Provided data.
⁂

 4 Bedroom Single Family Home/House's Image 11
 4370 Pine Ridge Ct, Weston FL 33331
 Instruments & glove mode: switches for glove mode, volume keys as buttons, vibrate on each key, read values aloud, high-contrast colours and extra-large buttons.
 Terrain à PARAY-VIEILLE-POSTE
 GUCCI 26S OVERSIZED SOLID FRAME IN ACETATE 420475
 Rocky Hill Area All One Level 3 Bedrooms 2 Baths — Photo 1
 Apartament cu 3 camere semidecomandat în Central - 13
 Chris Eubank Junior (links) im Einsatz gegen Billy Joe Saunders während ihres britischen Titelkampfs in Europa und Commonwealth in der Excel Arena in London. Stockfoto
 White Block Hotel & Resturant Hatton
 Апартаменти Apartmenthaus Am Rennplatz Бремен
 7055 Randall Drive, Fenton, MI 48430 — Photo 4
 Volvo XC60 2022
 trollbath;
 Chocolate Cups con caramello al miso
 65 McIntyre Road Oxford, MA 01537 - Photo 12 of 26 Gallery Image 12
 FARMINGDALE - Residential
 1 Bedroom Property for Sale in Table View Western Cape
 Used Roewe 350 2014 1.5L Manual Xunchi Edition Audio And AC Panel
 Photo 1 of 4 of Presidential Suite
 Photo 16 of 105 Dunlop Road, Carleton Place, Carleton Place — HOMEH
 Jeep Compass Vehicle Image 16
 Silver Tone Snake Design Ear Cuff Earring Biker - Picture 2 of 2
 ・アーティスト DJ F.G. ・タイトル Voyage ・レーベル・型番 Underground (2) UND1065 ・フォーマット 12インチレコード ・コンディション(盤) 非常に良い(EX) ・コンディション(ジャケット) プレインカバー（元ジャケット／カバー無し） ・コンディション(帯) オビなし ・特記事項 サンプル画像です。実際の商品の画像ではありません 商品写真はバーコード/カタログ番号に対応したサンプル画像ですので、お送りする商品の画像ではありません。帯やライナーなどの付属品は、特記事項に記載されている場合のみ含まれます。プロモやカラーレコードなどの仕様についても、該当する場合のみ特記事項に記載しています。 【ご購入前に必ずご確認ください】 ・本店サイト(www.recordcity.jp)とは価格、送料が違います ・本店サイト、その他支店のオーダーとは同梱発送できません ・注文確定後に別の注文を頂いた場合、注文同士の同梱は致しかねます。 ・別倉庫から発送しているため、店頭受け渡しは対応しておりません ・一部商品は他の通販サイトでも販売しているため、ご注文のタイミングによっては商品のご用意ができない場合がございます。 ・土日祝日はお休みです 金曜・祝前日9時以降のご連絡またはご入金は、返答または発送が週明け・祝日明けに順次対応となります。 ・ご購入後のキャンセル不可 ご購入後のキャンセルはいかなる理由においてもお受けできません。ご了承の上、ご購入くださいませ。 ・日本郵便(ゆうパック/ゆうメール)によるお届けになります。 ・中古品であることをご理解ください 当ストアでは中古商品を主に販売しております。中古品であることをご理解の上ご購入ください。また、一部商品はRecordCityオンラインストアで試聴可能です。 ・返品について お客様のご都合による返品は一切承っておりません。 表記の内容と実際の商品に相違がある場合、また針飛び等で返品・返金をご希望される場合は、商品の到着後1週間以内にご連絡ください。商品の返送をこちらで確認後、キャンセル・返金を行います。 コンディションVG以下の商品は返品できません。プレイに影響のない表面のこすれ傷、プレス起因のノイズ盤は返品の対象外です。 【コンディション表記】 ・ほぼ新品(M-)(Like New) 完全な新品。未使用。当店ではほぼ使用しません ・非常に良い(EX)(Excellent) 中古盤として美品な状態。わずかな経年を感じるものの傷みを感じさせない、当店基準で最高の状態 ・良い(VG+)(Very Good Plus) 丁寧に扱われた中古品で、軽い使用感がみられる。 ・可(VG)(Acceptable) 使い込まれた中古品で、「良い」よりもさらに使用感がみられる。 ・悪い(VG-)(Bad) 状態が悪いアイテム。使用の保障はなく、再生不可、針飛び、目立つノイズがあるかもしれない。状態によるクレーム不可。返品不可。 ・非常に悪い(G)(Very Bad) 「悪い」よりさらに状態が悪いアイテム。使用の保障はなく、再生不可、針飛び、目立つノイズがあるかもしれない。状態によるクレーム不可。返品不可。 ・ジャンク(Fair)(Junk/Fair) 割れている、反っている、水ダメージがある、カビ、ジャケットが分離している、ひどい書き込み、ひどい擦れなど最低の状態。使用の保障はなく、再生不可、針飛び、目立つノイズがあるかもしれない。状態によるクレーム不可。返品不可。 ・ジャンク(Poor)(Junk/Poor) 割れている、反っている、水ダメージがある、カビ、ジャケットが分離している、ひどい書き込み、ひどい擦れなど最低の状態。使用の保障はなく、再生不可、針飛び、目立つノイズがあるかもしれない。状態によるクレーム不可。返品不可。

⁂

Action item. Only an exact reproduction of the lines from the one with "Used Roewe 350" to the end of the listing is expected.

Written reply.
 Used Roewe 350 2014 1.5L Manual Xunchi Edition Audio And AC Panel
 Photo 1 of 4 of Presidential Suite
 Photo 16 of 105 Dunlop Road, Carleton Place, Carleton Place — HOMEH
 Jeep Compass Vehicle Image 16
 Silver Tone Snake Design Ear Cuff Earring Biker - Picture 2 of 2
 ・アーティスト DJ F.G. ・タイトル Voyage ・レーベル・型番 Underground (2) UND1065 ・フォーマット 12インチレコード ・コンディション(盤) 非常に良い(EX) ・コンディション(ジャケット) プレインカバー（元ジャケット／カバー無し） ・コンディション(帯) オビなし ・特記事項 サンプル画像です。実際の商品の画像ではありません 商品写真はバーコード/カタログ番号に対応したサンプル画像ですので、お送りする商品の画像ではありません。帯やライナーなどの付属品は、特記事項に記載されている場合のみ含まれます。プロモやカラーレコードなどの仕様についても、該当する場合のみ特記事項に記載しています。 【ご購入前に必ずご確認ください】 ・本店サイト(www.recordcity.jp)とは価格、送料が違います ・本店サイト、その他支店のオーダーとは同梱発送できません ・注文確定後に別の注文を頂いた場合、注文同士の同梱は致しかねます。 ・別倉庫から発送しているため、店頭受け渡しは対応しておりません ・一部商品は他の通販サイトでも販売しているため、ご注文のタイミングによっては商品のご用意ができない場合がございます。 ・土日祝日はお休みです 金曜・祝前日9時以降のご連絡またはご入金は、返答または発送が週明け・祝日明けに順次対応となります。 ・ご購入後のキャンセル不可 ご購入後のキャンセルはいかなる理由においてもお受けできません。ご了承の上、ご購入くださいませ。 ・日本郵便(ゆうパック/ゆうメール)によるお届けになります。 ・中古品であることをご理解ください 当ストアでは中古商品を主に販売しております。中古品であることをご理解の上ご購入ください。また、一部商品はRecordCityオンラインストアで試聴可能です。 ・返品について お客様のご都合による返品は一切承っておりません。 表記の内容と実際の商品に相違がある場合、また針飛び等で返品・返金をご希望される場合は、商品の到着後1週間以内にご連絡ください。商品の返送をこちらで確認後、キャンセル・返金を行います。 コンディションVG以下の商品は返品できません。プレイに影響のない表面のこすれ傷、プレス起因のノイズ盤は返品の対象外です。 【コンディション表記】 ・ほぼ新品(M-)(Like New) 完全な新品。未使用。当店ではほぼ使用しません ・非常に良い(EX)(Excellent) 中古盤として美品な状態。わずかな経年を感じるものの傷みを感じさせない、当店基準で最高の状態 ・良い(VG+)(Very Good Plus) 丁寧に扱われた中古品で、軽い使用感がみられる。 ・可(VG)(Acceptable) 使い込まれた中古品で、「良い」よりもさらに使用感がみられる。 ・悪い(VG-)(Bad) 状態が悪いアイテム。使用の保障はなく、再生不可、針飛び、目立つノイズがあるかもしれない。状態によるクレーム不可。返品不可。 ・非常に悪い(G)(Very Bad) 「悪い」よりさらに状態が悪いアイテム。使用の保障はなく、再生不可、針飛び、目立つノイズがあるかもしれない。状態によるクレーム不可。返品不可。 ・ジャンク(Fair)(Junk/Fair) 割れている、反っている、水ダメージがある、カビ、ジャケットが分離している、ひどい書き込み、ひどい擦れなど最低の状態。使用の保障はなく、再生不可、針飛び、目立つノイズがあるかもしれない。状態によるクレーム不可。返品不可。 ・ジャンク(Poor)(Junk/Poor) 割れている、反っている、水ダメージがある、カビ、ジャケットが分離している、ひどい書き込み、ひどい擦れなど最低の状態。使用の保障はなく、再生不可、針飛び、目立つノイズがあるかもしれない。状態によるクレーム不可。返品不可。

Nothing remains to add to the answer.